> **WORK TASK**
Within the records below, find the line with "May include: A" and the line with "Flat roof installation with propane\", then reproduce exactly those two lines and all lines between them, without any picture.

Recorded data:
::::::::

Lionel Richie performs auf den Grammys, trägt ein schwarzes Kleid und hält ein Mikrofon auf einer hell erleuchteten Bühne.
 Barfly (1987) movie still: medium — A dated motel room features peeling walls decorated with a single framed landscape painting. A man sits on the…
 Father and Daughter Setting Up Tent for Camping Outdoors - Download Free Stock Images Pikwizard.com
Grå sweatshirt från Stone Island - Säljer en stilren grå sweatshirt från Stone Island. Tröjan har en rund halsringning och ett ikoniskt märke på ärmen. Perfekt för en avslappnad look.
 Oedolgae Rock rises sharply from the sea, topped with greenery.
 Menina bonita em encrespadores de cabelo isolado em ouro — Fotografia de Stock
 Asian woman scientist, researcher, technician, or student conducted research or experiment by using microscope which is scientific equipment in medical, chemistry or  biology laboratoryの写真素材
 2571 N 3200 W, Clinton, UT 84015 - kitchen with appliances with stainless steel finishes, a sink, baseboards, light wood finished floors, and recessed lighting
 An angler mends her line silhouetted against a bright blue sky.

::::::::

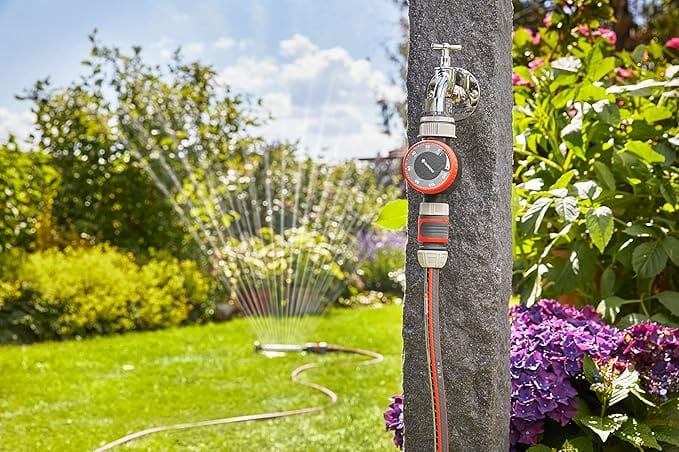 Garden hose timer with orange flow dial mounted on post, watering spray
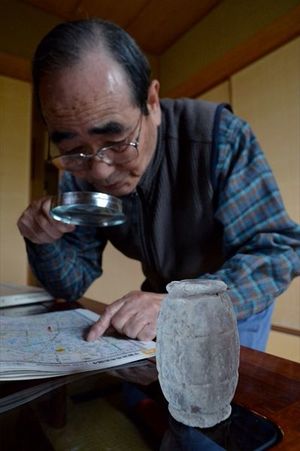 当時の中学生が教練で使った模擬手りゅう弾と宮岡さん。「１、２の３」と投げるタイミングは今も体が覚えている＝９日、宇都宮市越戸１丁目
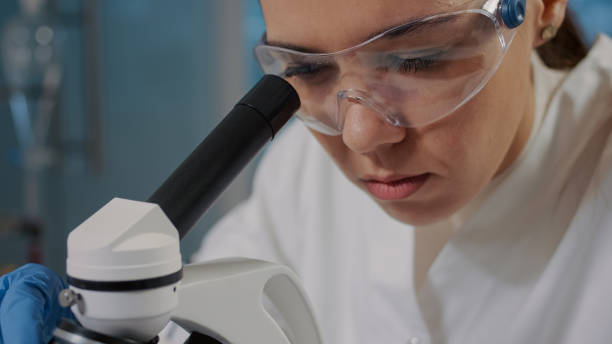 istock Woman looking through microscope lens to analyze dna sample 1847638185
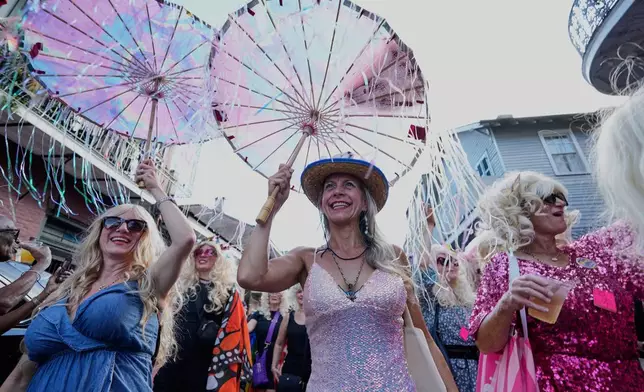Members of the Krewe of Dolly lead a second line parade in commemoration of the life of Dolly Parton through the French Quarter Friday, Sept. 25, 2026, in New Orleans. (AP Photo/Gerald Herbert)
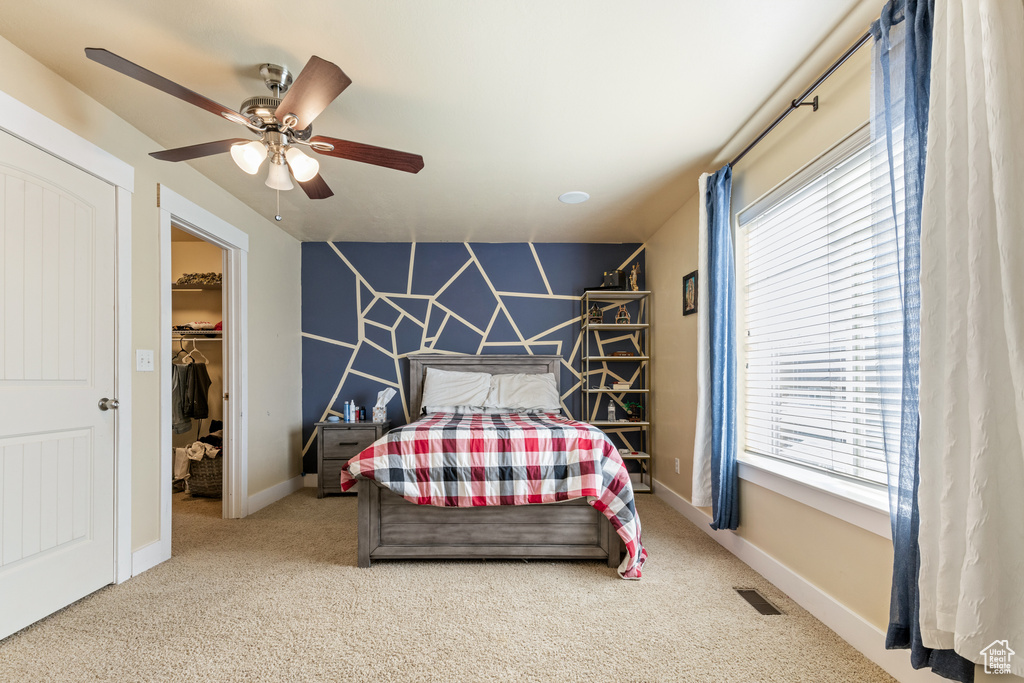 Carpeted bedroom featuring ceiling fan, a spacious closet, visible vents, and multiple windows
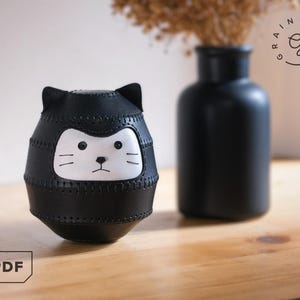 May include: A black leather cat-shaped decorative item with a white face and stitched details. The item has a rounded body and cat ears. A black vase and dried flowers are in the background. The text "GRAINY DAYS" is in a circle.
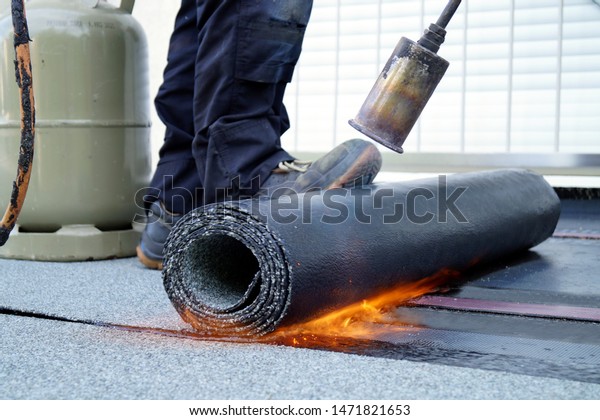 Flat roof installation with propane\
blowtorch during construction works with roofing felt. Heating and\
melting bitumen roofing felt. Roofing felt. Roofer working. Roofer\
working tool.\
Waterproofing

::::::::

> **SOLVED EXERCISE**
 May include: A black leather cat-shaped decorative item with a white face and stitched details. The item has a rounded body and cat ears. A black vase and dried flowers are in the background. The text "GRAINY DAYS" is in a circle.
 Flat roof installation with propane\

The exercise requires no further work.